ABOUT THIS TASK.
The answer must be an exact copy of the lines from the one containing "птички (фото 4)" through the final line of the material, both included, and nothing else.

DATA SHOWN.
§ §
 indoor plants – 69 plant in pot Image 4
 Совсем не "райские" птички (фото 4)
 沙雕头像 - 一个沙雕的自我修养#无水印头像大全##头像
§ §
RESPONSE TO THIS EXERCISE.
 Совсем не "райские" птички (фото 4)
 沙雕头像 - 一个沙雕的自我修养#无水印头像大全##头像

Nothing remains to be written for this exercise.